Search code examples
pythonapache-sparkpyspark

Dynamically derive dataframe names for assignment


I have array of columns. For each of the column in the array, I need to perform same operation and create in a separate dataframe. So that later these dataframes can be merged/joined into one.

with below, getting error : cannot assign to expression here. Maybe you meant '==' instead of '='?

I get that the issue is due to we dynamically trying to derive the dataframe name using c +'_df_name' for which we are assigning the data.

from pyspark.sql import SparkSession
from pyspark.sql.functions import lit

spark = SparkSession.builder.appName("test").getOrCreate()

data = [("John", 25), ("Alice", 30), ("Bob", 35)]
columns = ["name", "age"]
df = spark.createDataFrame(data, columns)

attributes = ["name","skill"]

for c in attributes:
    c +'_df_name' = df.select(lit('xyz')) # simplified

So changed the above code as below:

for c in attributes:
    df_name = c +'_df_name'
    print(df_name) # prints name_df_name, skill_df_name
    df_name = df.select(lit('xyz')) # simplified

Now if change try to print the new dataframe value using below, getting error.name 'name_df_name' is not defined.

name_df_name.show()
skill_df_name.show()

How do we dynamically generate unique dataframe names for each assignment during the iteration?


Solution

  • You are assigning a dataframe to a string literal instead of a container.

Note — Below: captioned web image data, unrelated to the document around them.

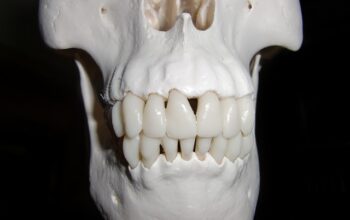 free-denture-consultation-leamington-640x480-16822987.jpeg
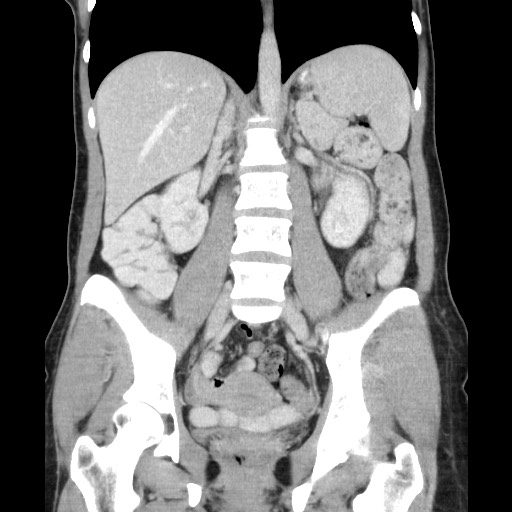 Castleman disease with fibrous pseudotumor in the abdomen (Radiopaedia 77296-89373 B 55).jpg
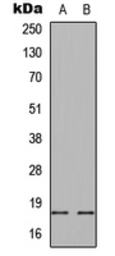 alpha Synuclein (phospho Ser12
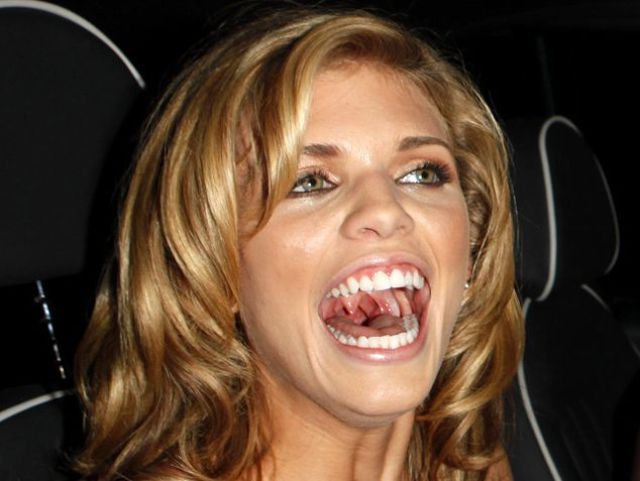 Celebrities Aren’t Perfect (31 pics) Celebrities Aren’t Perfect (31 pics)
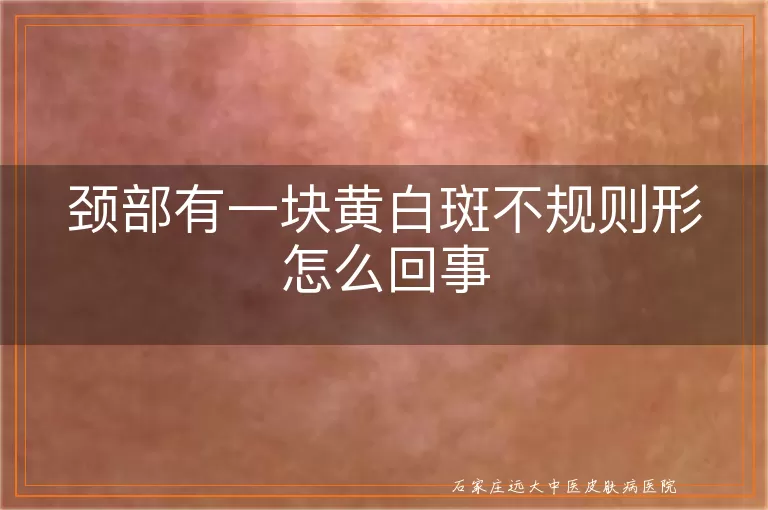 颈部有一块黄白斑不规则形怎么回事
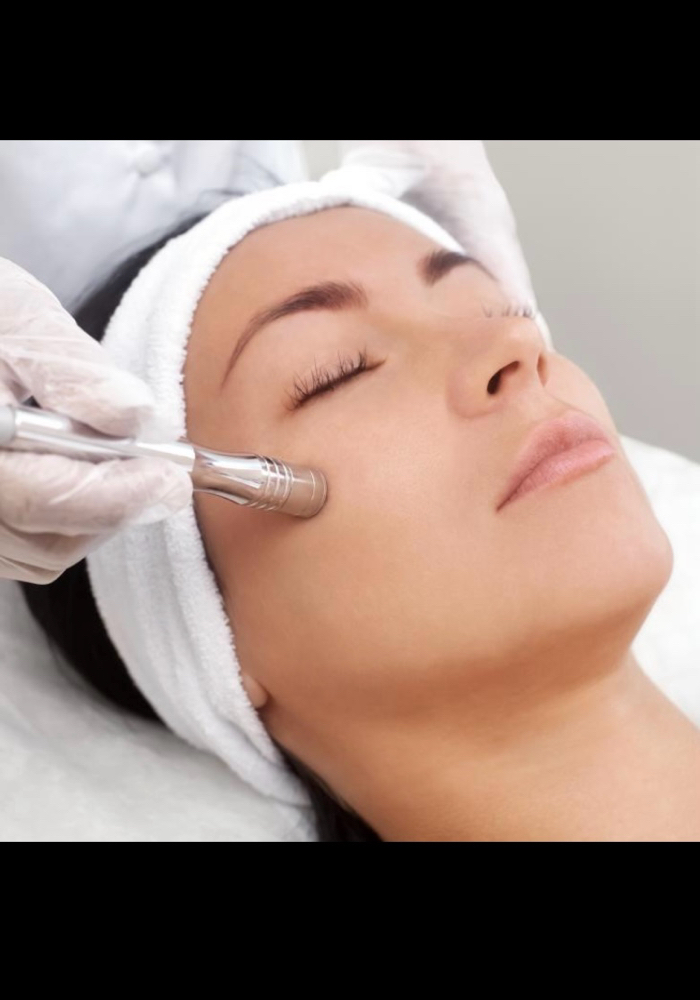 Microdermabrasion Add On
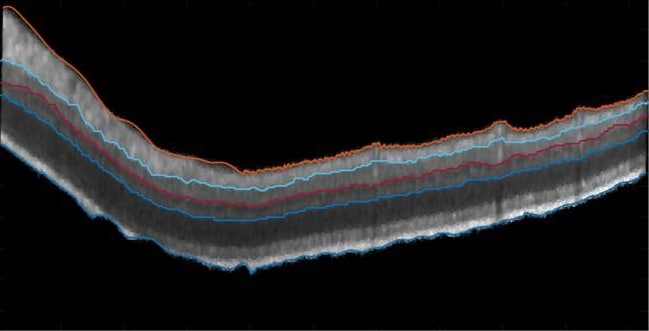 Layer segmentation of the retina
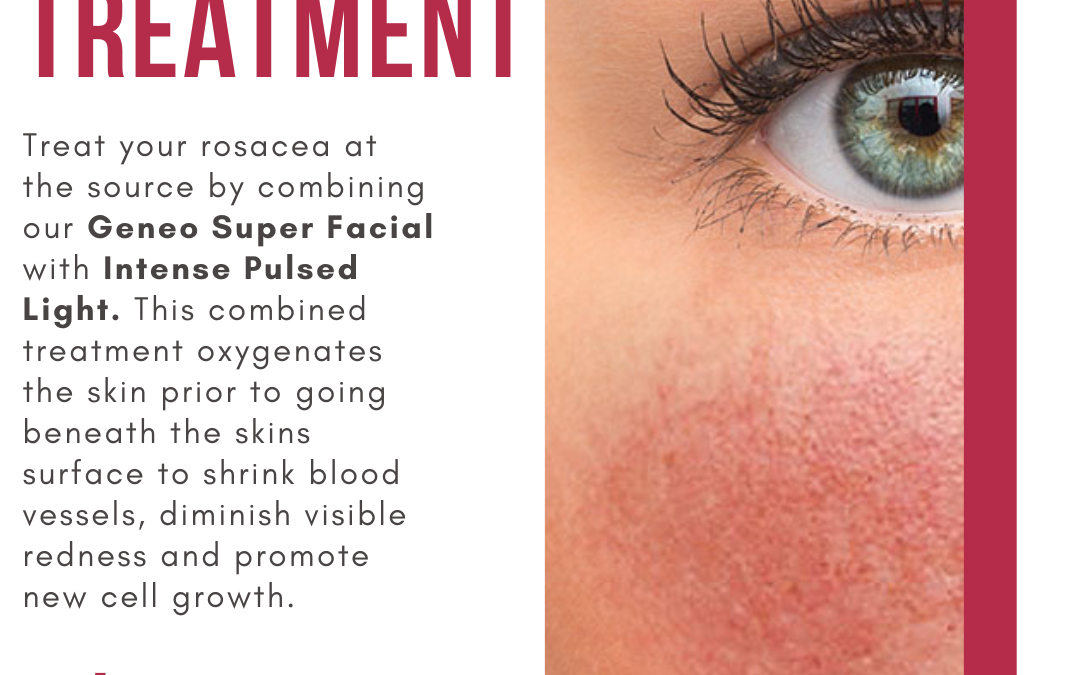 Promotional graphic for rosacea treatment featuring half of a woman's face with clear skin, focusing on her eye. text details a special treatment offer priced at $450, expiring february 28th.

    data_frames = {f"{c}_df_name": df.select(lit('xyz')) for c in attributes}
    

    By using a dictionary, the list of dataframe names is accessible using the keys method.

    data_frames.keys()
    

    The individual dataframes can be accessed using the appropriate key string. e.g.

    data_frames["abc_df_name"]
    

    Further Explanation:

    attributes = ["name","skill"]
    
    for c in attributes:
        c +'_df_name' = df.select(lit('xyz')) # simplified
    

    The for loop creates two string literals: "name_df_name", "skill_df_name". It's not possible to assign a value to a string literal, the assignment within the loop is a syntax error.

    You cannot do this:

    "name_df_name" = 1
    

    But you can do this:

    name_df_name = 1
    

    If you wish to use your string literals then you could add them to the locals() dictionary, but this would be a dirty hack and is not recommended.

    attributes = ["name","skill"]
    
    for c in attributes:
        _ = c +'_df_name'
        if _ not in locals():
            locals()[_] = df.select(lit('xyz')) # simplified